The best way to install any version of Node.js is to use the NodeSource Node.js binary distributions. Older versions of Ubuntu install Node.js with the wrong version and binary name. If your Node binary is nodejs instead of node, or if your Node version is v0.10.29, then you should follow these instructions.

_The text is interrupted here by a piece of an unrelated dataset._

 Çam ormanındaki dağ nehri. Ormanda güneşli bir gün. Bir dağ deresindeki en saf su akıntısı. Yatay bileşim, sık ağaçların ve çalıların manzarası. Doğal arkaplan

You'll need the package build-essential to compile serialport. If there's a binary for your platform, you won't need it. Keep rocking!

# Using Ubuntu and Node 6
curl -sL https://deb.nodesource.com/setup_7.x | sudo -E bash -
sudo apt-get install -y nodejs

# Using Debian and Node 6 as root
curl -sL https://deb.nodesource.com/setup_7.x | bash -
apt-get install -y nodejs

Windows

Node-Serialport supports Windows 7, 8.1, 10, and 10 IoT. Precompiled binaries are available, but if you want to build it from source you'll need to follow the node-gyp installation instructions. Once you've got things working, you can install Node-Serialport from source with:

npm install serialport --build-from-source

Node-gyp's documentation doesn't mention it, but it sometimes helps to create a C++ project in Visual Studio so that it will install any necessary components not already installed during the past two hours of setup. This will solve some instances of Failed to locate: "CL.exe".

An old issue that you may still run into: when working with multiple Serial Ports you can set the UV_THREADPOOL_SIZE environment variable to be set to 1 + the number of ports you wish to open at a time. Defaults to 4 which supports 3 open ports.